Yo man! Good you bud?

Yeah its good, workouts are shorter giving me more time for other things, different aswell getting to hit everywhere individual and hard! Cant really comment on strength and size gains yet as this is only the first cycle of the routine but still getting strength gains!

Lmao fvck you all you fvckers :lol: the weird thing is, it was fine in work today but now its sorer again? Lol nuts man!


----------



## Ryan16 (Feb 8, 2010)

So cheat tonight is a big buffet and getting rat ****d at my cousins 21st  laters folks hope you all have a good night!


----------



## 1Tonne (Jun 6, 2010)

Enjoy the p!ss up mate. May well have to treat myself to one come christmas. Would have been an 10 solid months of no booze.
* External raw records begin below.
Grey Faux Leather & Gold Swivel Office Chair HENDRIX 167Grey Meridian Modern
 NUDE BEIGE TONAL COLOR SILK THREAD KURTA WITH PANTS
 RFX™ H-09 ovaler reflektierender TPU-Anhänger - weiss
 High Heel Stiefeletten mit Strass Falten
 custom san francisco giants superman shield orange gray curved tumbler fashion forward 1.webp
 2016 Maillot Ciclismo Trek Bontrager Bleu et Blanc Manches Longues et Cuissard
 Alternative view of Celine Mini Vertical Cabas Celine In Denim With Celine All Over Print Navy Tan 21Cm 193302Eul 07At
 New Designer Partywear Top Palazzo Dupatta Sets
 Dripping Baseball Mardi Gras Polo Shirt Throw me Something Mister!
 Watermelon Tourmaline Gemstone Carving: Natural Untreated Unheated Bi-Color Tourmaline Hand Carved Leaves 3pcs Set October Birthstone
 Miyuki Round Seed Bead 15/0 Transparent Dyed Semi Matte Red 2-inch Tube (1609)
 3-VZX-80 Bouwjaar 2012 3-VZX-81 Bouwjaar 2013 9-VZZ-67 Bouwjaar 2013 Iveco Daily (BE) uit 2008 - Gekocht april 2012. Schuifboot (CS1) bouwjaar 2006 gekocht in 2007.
Im due a good drink up.


----------



## Raptor (Feb 16, 2010)

Ryan16 said:


> So cheat tonight is a big buffet and getting rat ****d at my cousins 21st  laters folks hope you all have a good night!


Enjoy it mate my cheat is tomorrow so right after chest and triceps i will be enjoying an all you can eat indian :thumbup1:

Followed by a night on the ale!


----------



## Bulkamania (Feb 16, 2009)

My cheat day for the last few months has been....Every day :lol: :lol:


----------



## Ryan16 (Feb 8, 2010)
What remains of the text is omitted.